The ISS usually moves about 400 km above Earth, but the effects of atmospheric drag can cause the station to descend up to 100 meters per day. As a result, experts have to regularly perform orbital climbs for the station, usually about once a month.
There is no specific timetable for when this will happen because the density of the atmosphere at these altitudes is constantly changing, depending on how much energy the Sun is launching. As a result, the descent rate is inconsistent. The ISS descends into orbit faster than other satellites at similar altitudes due to its size and large surface area.
In addition, the increase in altitude is also to optimize the orbital position of the ISS for the soon-to-be docking vehicles. The March climb was conducted by Progress 79, a Russian cargo ship docking with the station. By igniting the ship’s engines for a few minutes, the ISS was brought to a height suitable for the Soyuz spacecraft carrying the new crew to the station.

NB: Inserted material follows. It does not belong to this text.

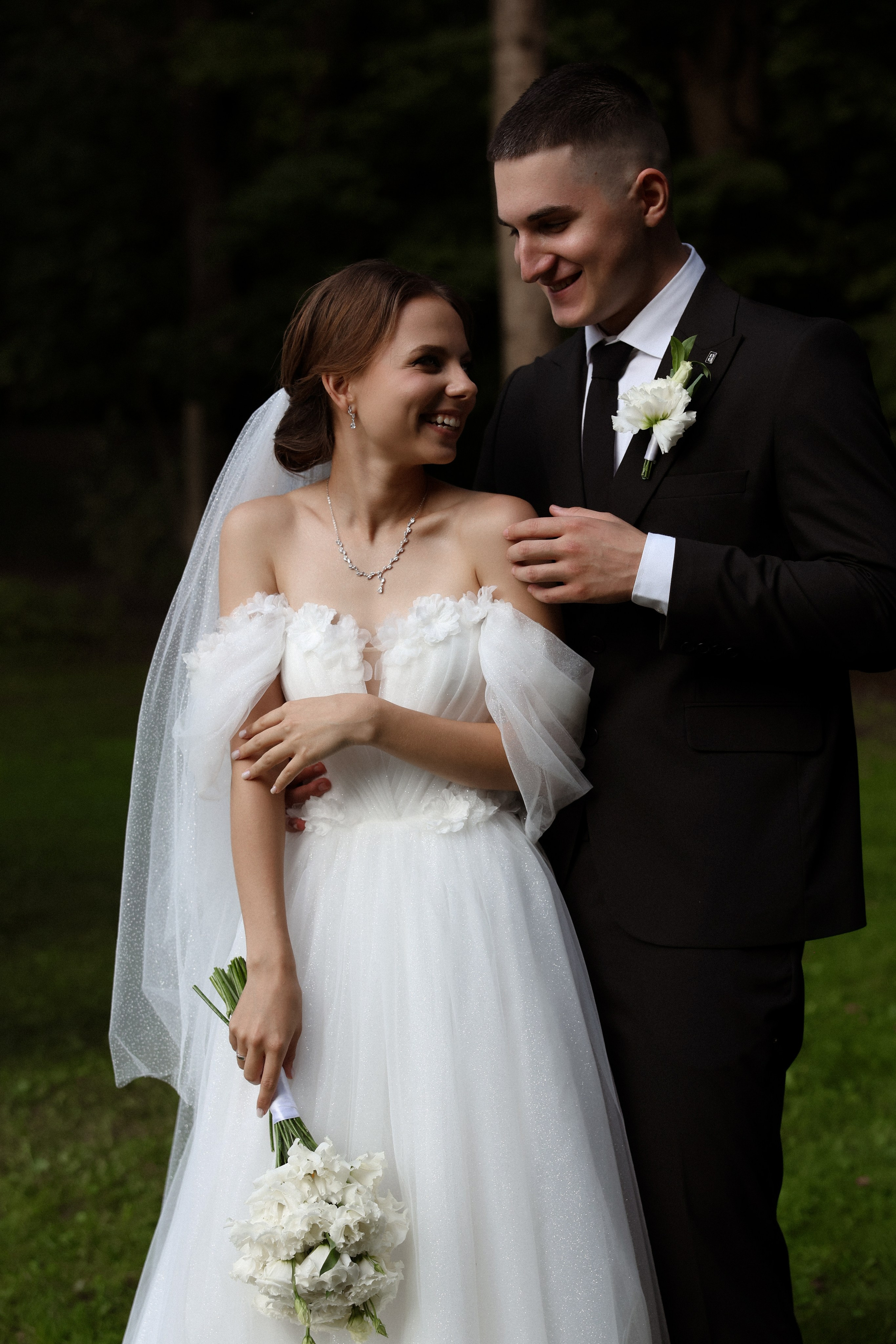 «Просто МЫ» — Дарья и Иван. Свадебный и семейный фотограф в Москве Ломова Ирина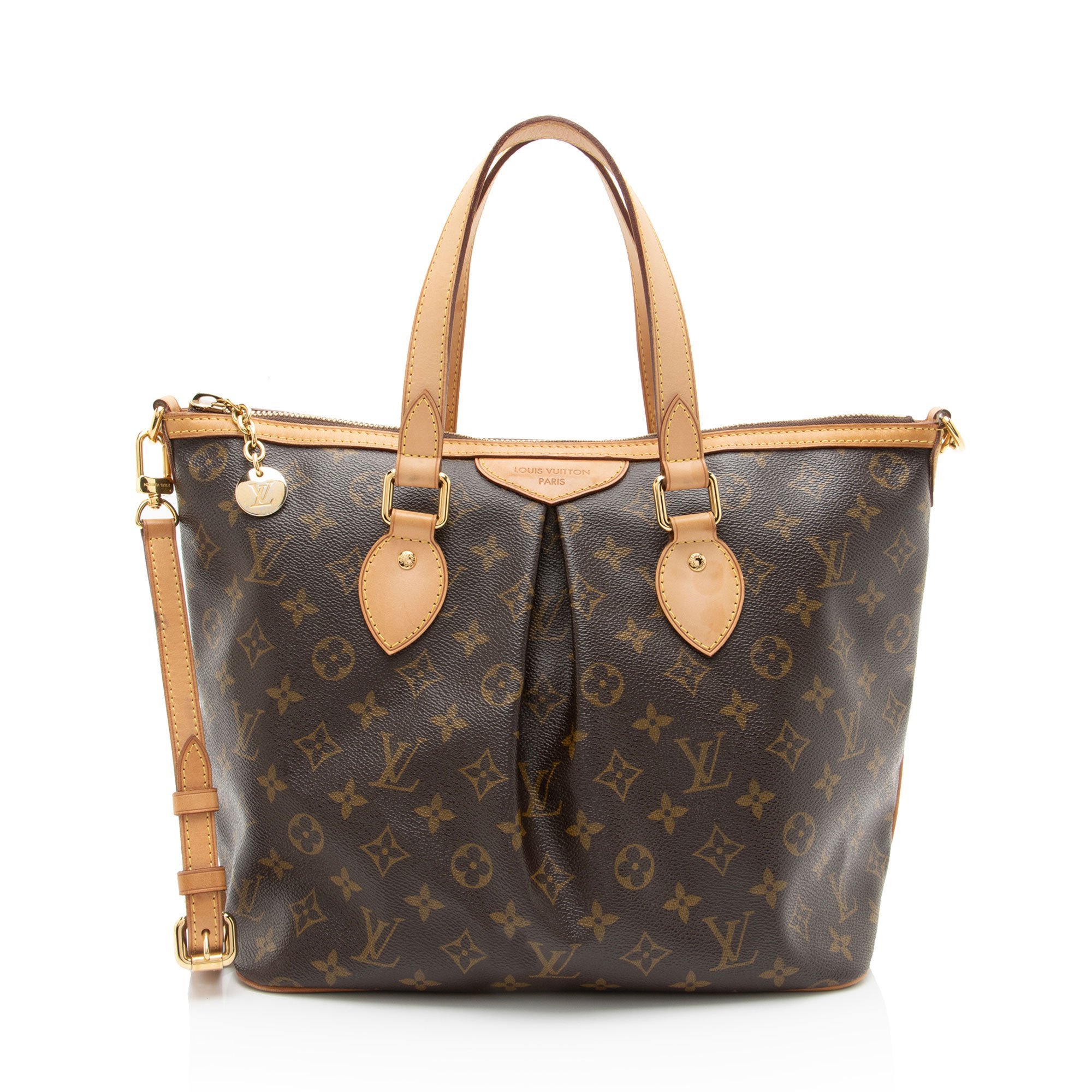 Palermo cloth tote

All propulsion of the ISS is provided by Russia’s Progress propulsion systems and cargo ships, according to NASA. Thrust is used for altitude gain, directional control, space junk avoidance, and suborbital operations. American instruments provide routine direction control for the ISS. Meanwhile, Russian thrusters are used to control direction in events like spacecraft docking.
Northrop Grumman’s Cygnus is the only US commercial spacecraft currently capable of ascending the ISS, although it is still in test mode. The first Cygnus spacecraft capable of doing this flew to the station in February.